Think about it. How does a commissioning editor get to be a commissioning editor? It's usually not because they've been, say, middle management at Marks and Spencer. No, they've come through the ranks. Many have had stints as booksellers or been agents (or their assistants) en route but essentially, at some point they'll have been the one making the tea and going out to get the sandwiches.
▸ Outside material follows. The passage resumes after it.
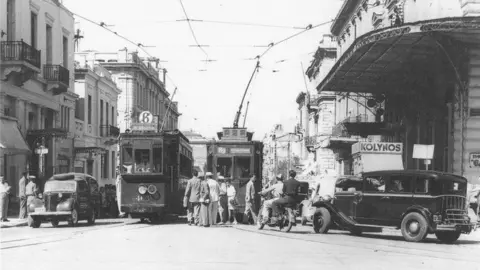 Tuvalkin/Wikimedia Commons Omonia Street, Athens, 1950s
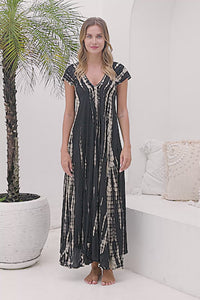 Womens Aria Maxi Dress in black tie dye, soft lightweight rayon with pockets, a detachable belt and hand beaded detailing.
Those people are usually the ones who new authors first make contact with at a publishing house or agency. So a new author would be advised to be polite and considerate at the very least. You may be thinking you always are, and I expect that's true, but there are some people who phone up demanding this or that, or respond badly to rejection and take it out on the assistant. Not a good idea because, remember:

The Tea Makers of Today are the Commissioning Editors of Tomorrow.


Rebecca Bradley said...

I read a similar post yesterday that said a lot of the assistants are the ones who are reading your manuscripts anyway, then bring them to the attention of the agent. So you really do need to be nice to them!

Karen said...

That's a very good point. Not that I would dream of being rude to anybody, I hasten to add!

Sarah Duncan said...

I sort of made the assumption that my lovely blog readers wouldn't need to be told to be nice to the tea makers, but I think it's worth remembering that they are potential king makers too - and especially if they're the first readers of manuscripts.